Birds : On the wings of southwest winds
April is an exciting month of great change in the natural world. It is a month generally characterized by strong and fast moving frontal systems, interspersed with varying lengths of mild, bucolic, emergent spring days. This was exactly the weather experienced on the Vineyard this past week. All of New England is enjoying a mild heat wave and birds are arriving both day and night, riding northward on the warm southerly air flow. Welcome conditions after the cold winter and spring. All life forms, perhaps particularly humans, are ready for warmer weather.
The primarily insectivorous birds that escaped the northern winter by heading south to winter in the Caribbean and Central America were also waiting for the warm front to move north and a large pulse of migrants surged north this past weekend. Many fairly common species that breed on the Vineyard returned this past week, some in considerable numbers. Pine warblers and chipping sparrows, both common nesting species with similar long trilling calls, are back. The longer more insect-like trill of the chipping sparrow and shorter more musical trill of the pine warbler are hard to miss Island-wide.
Almost annually for decades several reports of indigo buntings, a highly dimorphic species in which males are brilliantly colored, little blue (indigo) birds while the female is nondescript with a bluish tail, are reported during this week. No reports of this American goldfinch-sized shockingly dark blue bird have been made to date. If you have one (or more) of these birds, please let us know as it is exciting to know they are about.
Photo by E. Vernon Laux
The first reports of indigo buntings invariably occur after the passage of a frontal system that comes across the Gulf of Mexico and keeps moving up the coast in early to mid April. These powerful systems have a counterclockwise flow creating easterly winds along the coast. Migrant birds get caught up in these strong frontal systems and coastal locations such as Martha's Vineyard will sometimes become the landfall for migrants that have been blown past their intended summer latitude.

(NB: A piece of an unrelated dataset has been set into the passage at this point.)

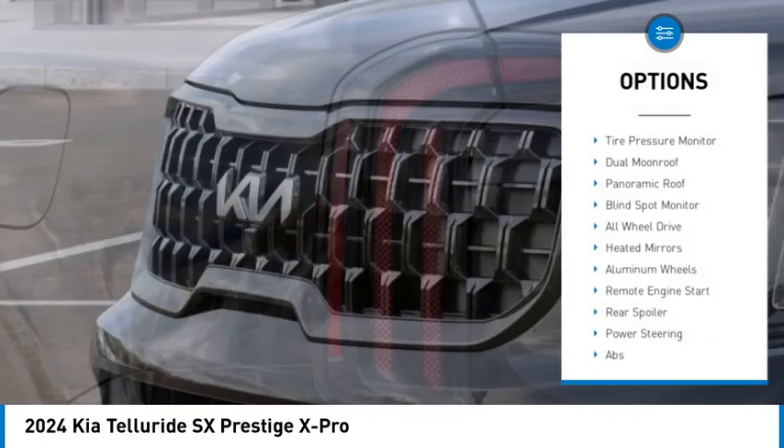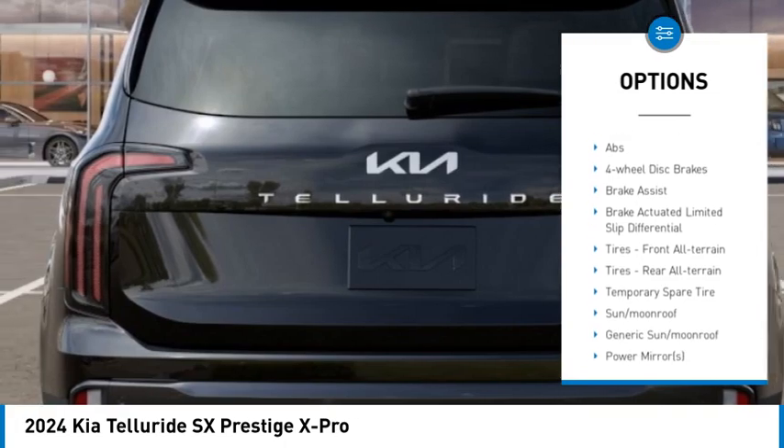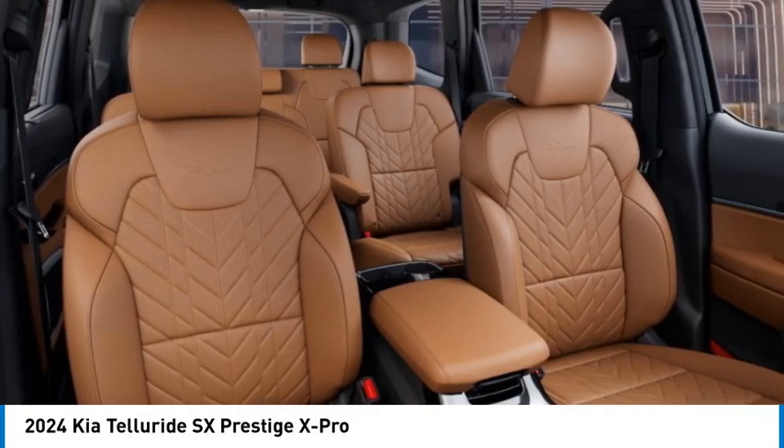Rain-sensing wipers, tire pressure monitor, dual moonroof, panoramic roof, blind spot monitor, all-wheel drive, heated mirrors, aluminum wheels, remote engine start, rear spoiler.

The bird migration really picked up with the strong southwest airflow this past weekend. Just inland and on the North Shore of Massachusetts observers commented that it was the largest movement of common land birds many has ever seen in April. The bulk of the birds missed the Vineyard but what the island misses in quantity in the spring it generally makes up for in quality.
The following birds were detected in Oak Bluffs this past weekend. There were dozens of white-throated sparrows, many engaging in song and yellow-rumped warblers were seemingly everywhere. No fewer than four ruby-crowned kinglets were also heard and seen at the Head of the Lagoon. A charismatic woodpecker in the form of a yellow-bellied sapsucker was found drilling holes in a black willow. They drill holes then leave for a few hours returning later to drink the sap and eat any insects that were attracted to the sap flow. This seems a lot like fishing only the bait is sap and the fish are bugs.

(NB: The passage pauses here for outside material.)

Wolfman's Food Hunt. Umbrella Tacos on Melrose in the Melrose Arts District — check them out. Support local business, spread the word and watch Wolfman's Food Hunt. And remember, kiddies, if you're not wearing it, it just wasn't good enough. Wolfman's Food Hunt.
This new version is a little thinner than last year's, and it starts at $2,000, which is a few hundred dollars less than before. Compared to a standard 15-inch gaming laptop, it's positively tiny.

With the warming trend, activity has quickened in the bird world. The beaches are active with piping plovers and oystercatchers. The American oystercatcher, with its outrageous coloring and noisy gregarious nature, is a favorite of any who are aware of them. These spectacular birds have been increasing significantly on the Vineyard for the past decade and can be seen almost anywhere there is a beach or salt marsh. From Menemsha in Chilmark, the Beach Road in Vineyard Haven or anywhere along the Beach Road between Oak Bluffs and Edgartown, these birds are present and waiting your inspection with a pair of binoculars.

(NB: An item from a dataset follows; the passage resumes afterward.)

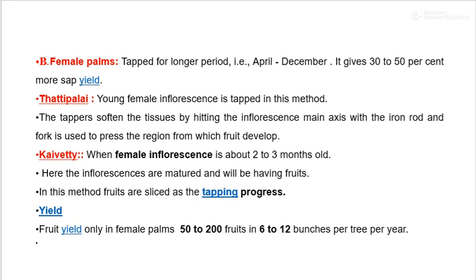The next method is the Cavetti method, when the female inflorescence is about 2 to 3 months old. Here the inflorescences are matured and will have fruits. In this method, fruits are sliced as tapping progresses. The yield is fruit yield only, with 50 to 200 fruits in 6 to 12 bunches per tree per year.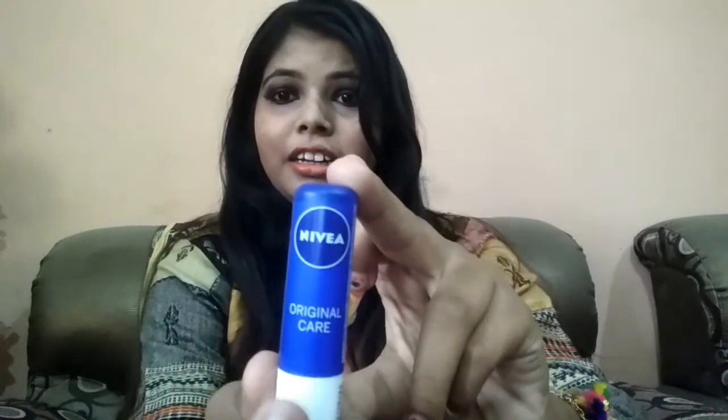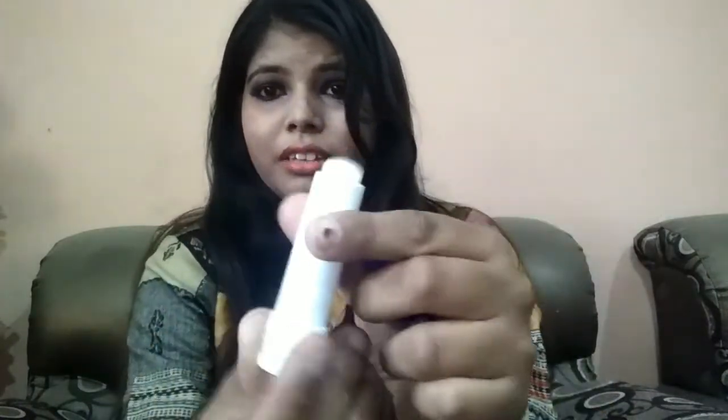The third option is Nivea Original Care. This comes in a combination pack, and the single MRP will be around 100 to 120 rupees — I will mention all the lip balms' MRP in the description box. It is natural, there is no pigment in it, and it will keep your lips moisturized for 6 to 12 hours. Nivea is definitely a brand you can trust.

A few snowy and great egrets have been found this past week at scattered Island locations. A couple of Bonaparte's and laughing gulls were seen off East Chop in Oak Bluffs. These birds were already in their alternate or breeding plumage with black heads. Northern gannets and both common and red-throated loons have been easy to find in considerable numbers in Nantucket Sound as well as along the south side of the Vineyard.
Loose flocks of sea ducks in uneven V-formation and lopsided lines have been impressive to watch near dawn off most headlands. Large numbers of black and surf scoters have been moving east through Vineyard and Nantucket Sounds both early and late in the day. Some flocks of scoters climb high in the air and head north right over the Upper Cape. Some seem to follow the Cape Cod Canal, but they refuse to fly under the bridge detouring up and over land.
Most raptors - ospreys, red-tailed hawks, northern harriers and Cooper's hawks - are already incubating eggs. Many land birds are also engaged in nesting and the dawn chorus from resident species gets louder and more impressive on a daily basis. With the weather finally taking a major turn for the better, everything, especially the birding, seems to be improving quickly.
This is a great time of year to look at birds, whether you have done it for years or are thinking of checking it out for the first time. There is no time like the present.